0 posted 2008-01-10 07:15 PM


Like marks on the skin,
they are made

Unlike marks on the skin,
they don't come from fire or a blade

They do come from things
that are just as sharp
and things that have enough heat
to burn the heart

Clothing will hide the marks,
the ones on the outside

A smile will disguise the marks,
the ones on the inside


This poem popped in my head today while taking a walk.

Please critique away, teach me , this is my second day of school.



© Copyright 2008 delrayhc - All Rights Reserved
TomMark
Member Elite
since 2007-07-27
Posts 2133
LA,CA
1 posted 2008-01-11 12:02 PM


I liked the idea of comparing between scars in skin and heart/ cloth/smile/ to tell your hurt and hiding your feelings.

I read as
"the scar in heart is not like
the scar in skin which can
be covered by cloth.
I hide my inner hurt with my smiles."

You may try write a short one then add some emotions in to make it longer.

"Like marks on the skin,
they are made"

You may write more clear and direct.

keep writing.

I have read it many times. And I believe others are reading too. Only one has to think about what kind of  suggestions to give you, as a new beginner. I write what I think, also as a new beginner. Ah, others , they are wonderful real poets. truly.

again, keep writing. me too

delrayhc
Junior Member
since 2008-01-09
Posts 19
Delray Beach , Florida U.S
2 posted 2008-01-11 12:34 PM


Thanks TM  for the post, and for pointing me in the right direction.

Ive never read much poetry, could you tell me the names of some famous authors that I should check out?

TomMark
Member Elite
since 2007-07-27
Posts 2133
LA,CA
3 posted 2008-01-11 12:59 PM


where is Brad?
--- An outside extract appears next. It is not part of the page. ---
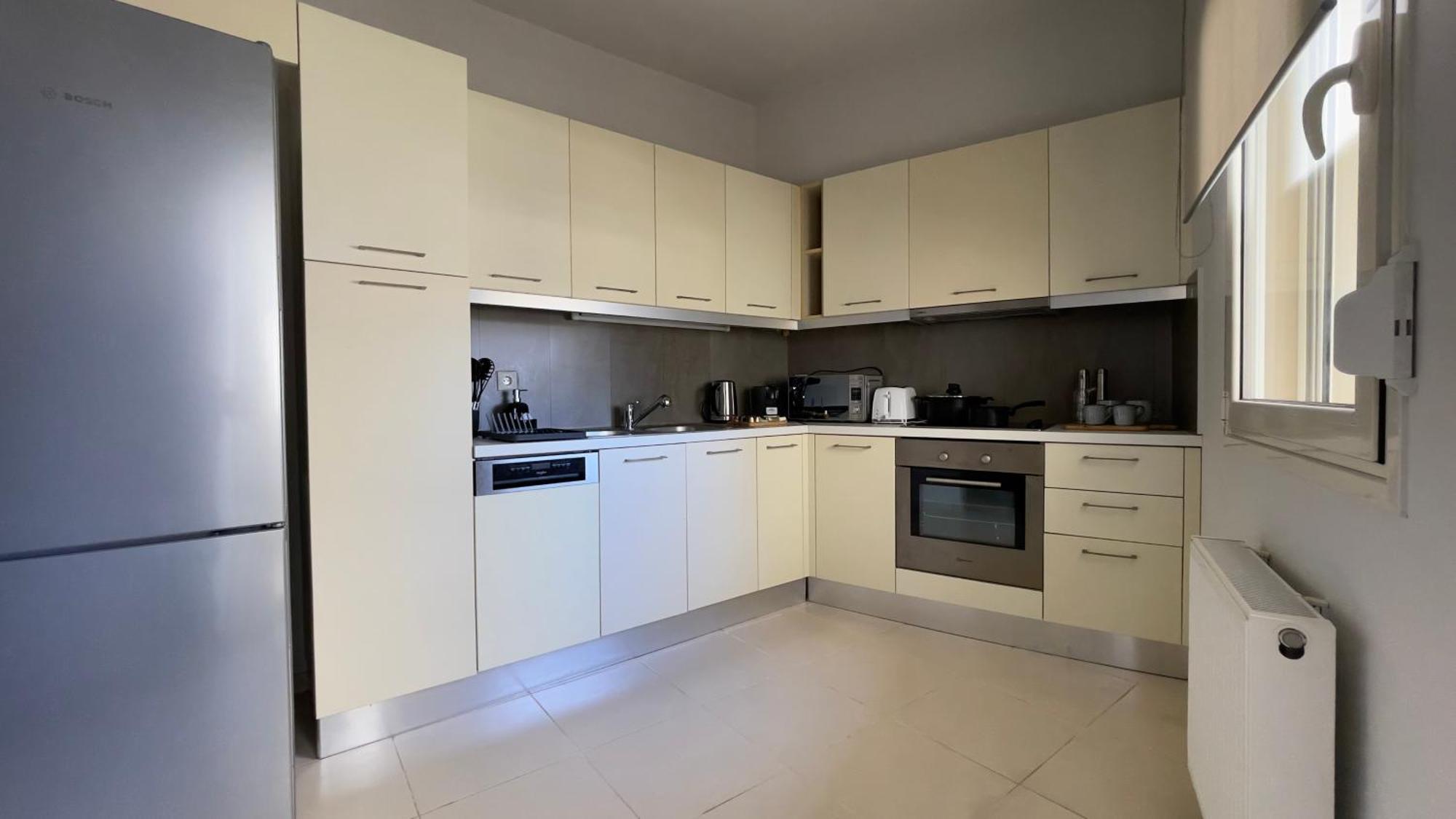 Апартаменты Nh Urban Living In Nea Alikarnassos Ираклион Экстерьер фото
Jim and Jim? Grinch? Balladeer? Chops?  Not A Poet? (funny we have to ask Not A Poet about some poetry books),Bob K?  I think they will give you the right answers. I am reading poems on this site, Poems(a textbook) to learn meters and styles and some basic knowledge about poetry, and Shakespeare's Sonnet because I am dreaming to write a sonnet someday in the future.

There is a classical poems collection in this site where there are many old-style poems if you call them classical. If you have questions, just remind you, the author has long gone.   http://www.netpoets.com/classic/

have a good night and write more!


Bob K
Member Elite
since 2007-11-03
Posts 4208

4 posted 2008-01-11 03:31 AM


Dear delrayhc,

         Thank you for this poetry.  I believe you actually have two poems here, one of which is the kind of poem you think you ought to write, and which is actually pretty good in it's way.    By this I mean the first twelve lines, what you think of as the actual poem.

     What I would like to call your attention to are the two lines below, which I believe you simpley tossed off as a a prose comment on the poem above.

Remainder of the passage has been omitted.